Structural variant merging tool
43 stars 9 forks source link

Error when Merging VCFs #6

Open malmarri opened 3 years ago

malmarri commented 3 years ago

Hi,

I am trying to merge a list of VCFs of SVs using svimmer, but receive the following error:

Traceback (most recent call last): File "../../../svimmer/svimmer", line 140, in <module> header = read_header(vcf_f) # Read the header of the first VCF file File "../../../svimmer/svimmer", line 32, in read_header line = vcf_f.readline().decode("utf-8") AttributeError: 'str' object has no attribute 'decode'

Thanks

hannespetur commented 3 years ago

Hi, which version of python do you have? svimmer requires python 3.4 or more recent. You can print the python version with

$ python --version

Best, Hannes

malmarri commented 3 years ago

Hi,

I'm using python version 3.7.

I am trying to merge VCFs called from NUCMER alignments. Does svimmer only accept manta derived VCFs?

Thanks.

hannespetur commented 3 years ago

Hi, svimmer should also handle most other SV VCFs - but I don't know what NUCMER alignments are so I have probably never tested on those. I have added test data to the repo, could you try to pull the latest changes and try running svimmer on that data?

Best, Hannes

hannespetur commented 3 years ago

Ah, is it possible that you have uncompressed VCF? svimmer expects bgzipped+indexed VCFs like Manta outputs. If so, just compress with bgzip and index with tabix. I will need to issue a better error message for this...

Best, Hannes

jingydz commented 1 year ago

The svimmer software looks like it only fits the results of merging manta output. When I used CNVnator's output result file (converting cnv files to vcf files with cnvnator2VCF.pl) while using bgzip compression and tabix to build the index, I found that svimmer's output results were also poor.

Command

$ cat zjj.vcf.list 0006A.delALL.vcf.gz 0032A.delALL.vcf.gz 086596D.delALL.vcf.gz 086598D.delALL.vcf.gz 086599D.delALL.vcf.gz 086600D.delALL.vcf.gz 086601D.delALL.vcf.gz 086604D.delALL.vcf.gz 086606D.delALL.vcf.gz 086620D.delALL.vcf.gz 086627D.delALL.vcf.gz 086639D.delALL.vcf.gz 086643D.delALL.vcf.gz $ svimmer --threads 2 zjj.vcf.list chr1 chr2 chr3 chr4 chr5 chr6 chr7 chr8 chr9 chr10 chr11 chr12 chr13 chr14 chr15 chr16 chr17 chr18 chr19 chr20 chr21 chr22 chrX chrY chrM >test.vcf

Output

$ less test.vcf 。
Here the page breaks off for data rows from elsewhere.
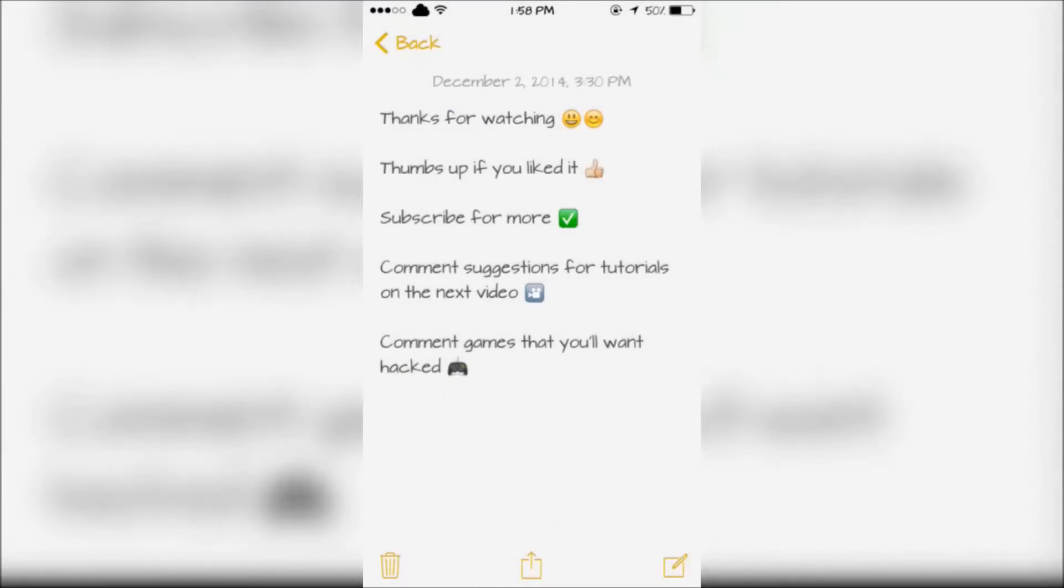Thanks for watching, thumbs up if you liked it, subscribe for more, comment suggestions for tutorials in the next video, and comic games that you'll want hacked.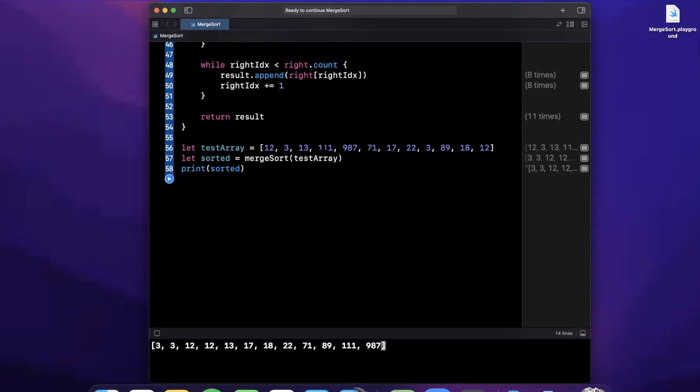That's merge sort in a nutshell — a very common algorithm, really interesting to write out by hand, and definitely important to know for coding interviews and general computer science theory. Thanks for watching, drop a like, hit subscribe, and let me know if you have any questions in the comments. See you in the next one.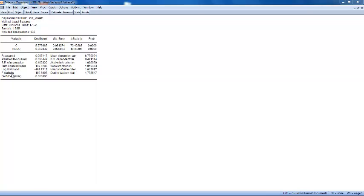We have also five other elements: the sum of squared residuals, the log likelihood, the Akaike information criterion, the Schwarz criterion, and the Hannan-Quinn criterion. They are all used for making statistical comparisons between two different regressions.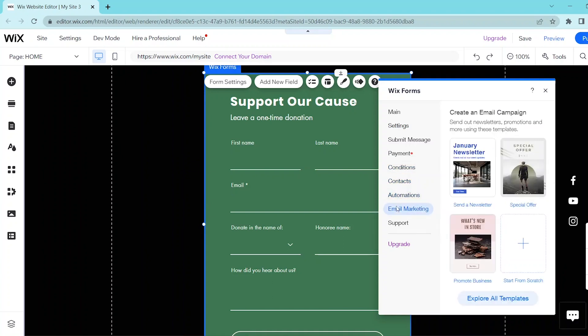And lastly, for email marketing, you can create an email campaign to send out your newsletters, promotions, and more for your donation. You can go ahead and click on these templates and simply follow the prompts so that you can create your email campaign.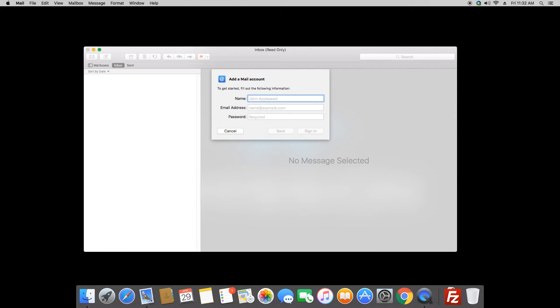Next, we're going to fill in your name. And this is the name that people will see when you email them in the from box. So go ahead and put in your full name.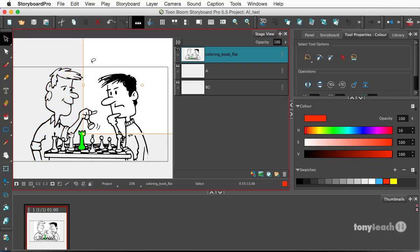And that's how you would bring Illustrator files into Toon Boom Storyboard Pro.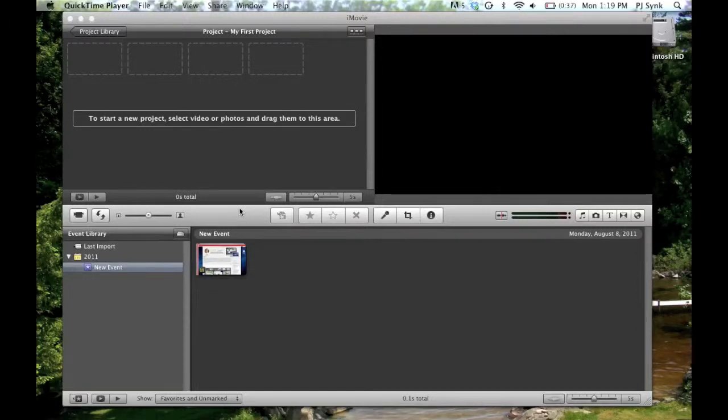Hey YouTube, iReplacedaPC101 here, and today's tutorial is how you can reset iMovie.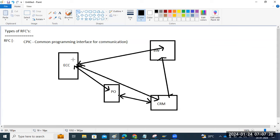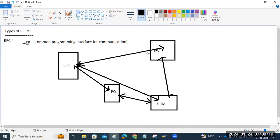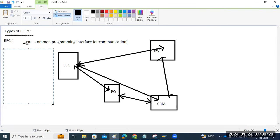We need an RFC connection between two systems to transfer data. When communicating from ECC to BW, it will use the CPIC protocol. There are four types of RFC connections: synchronous (sRFC), asynchronous (aRFC), transactional RFC (tRFC), and queued RFC (qRFC).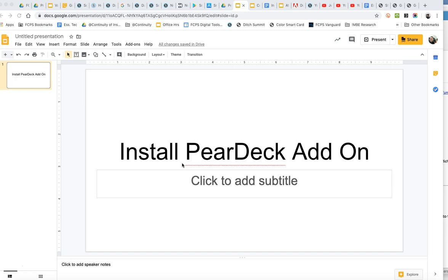so that you can create these interactive slideshows for your students and then they can go through them at their own pace and then they can answer questions and then you will receive their answers and the responses in your Google Drive.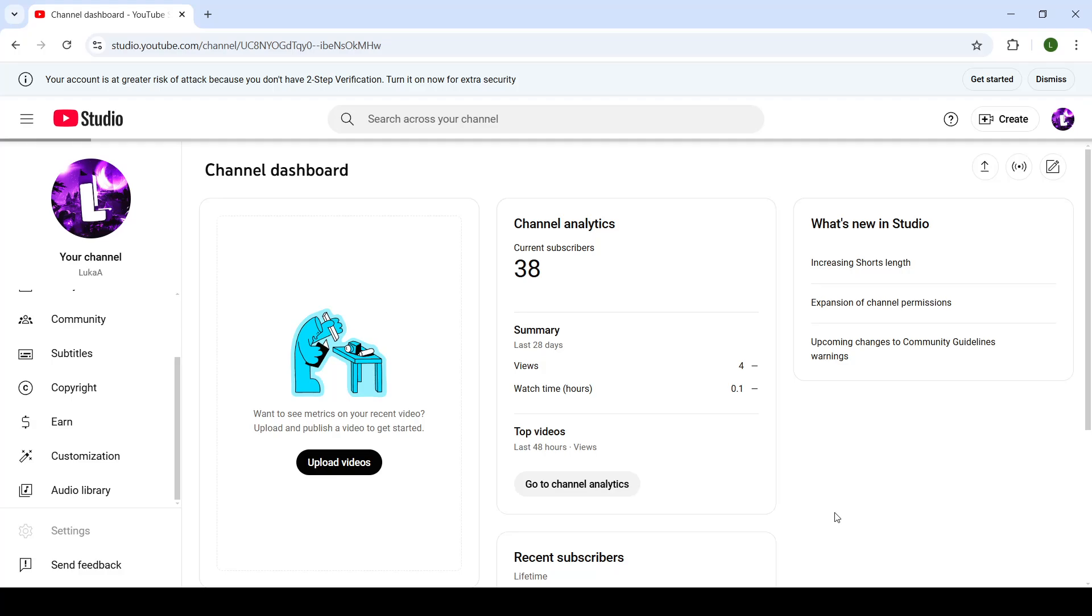Click on save and now all of your settings will be saved. Your channel has successfully changed its location.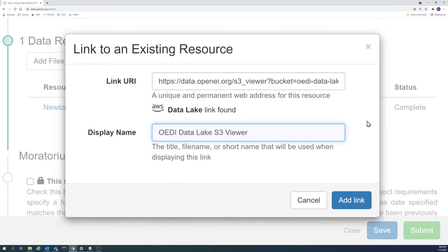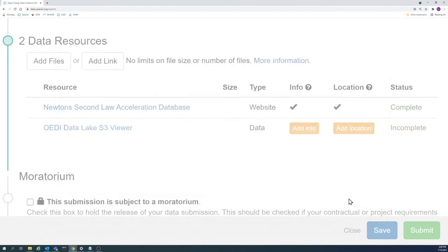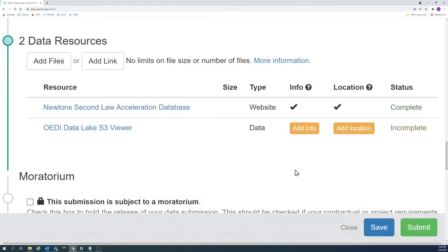Make sure that the link goes directly to the data you are trying to display. There needs to be a way to download or at the very least view the data.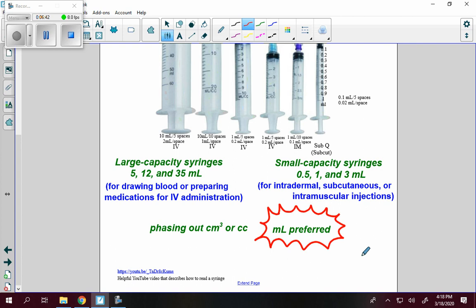Although milliliters is preferred, some older facilities still use cc's. A doctor might say 'drain eight cc's from the patient's knee,' and you'd know that's eight milliliters. A patient might insist cc's and milliliters are different, but just go with it and say 'I'll do eight cc's.' It's important to know they are exactly the same thing.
。。

INFO=

INFO=

CHROM POS ID REF ALT QUAL FILTER INFO

chr1 1 . N 0 . END=10000;SVTYPE=DEL;SVLEN=-10000;IMPRECISE;natorRD=0;natorP1=1.59373e-11;natorP2=6.0566e-44;natorP3=1.99216e-11;natorP4=2.07678e-33;natorQ0=-1;NUM_MERGED_SVS=11;STDDEV_POS=0.00,0.00

Looks like it's missing the sample information.

hannespetur commented 1 year ago

It´s normal that the sample information is missing. svimmer only merges SV sites, genotypes are ignored.

Best, Hannes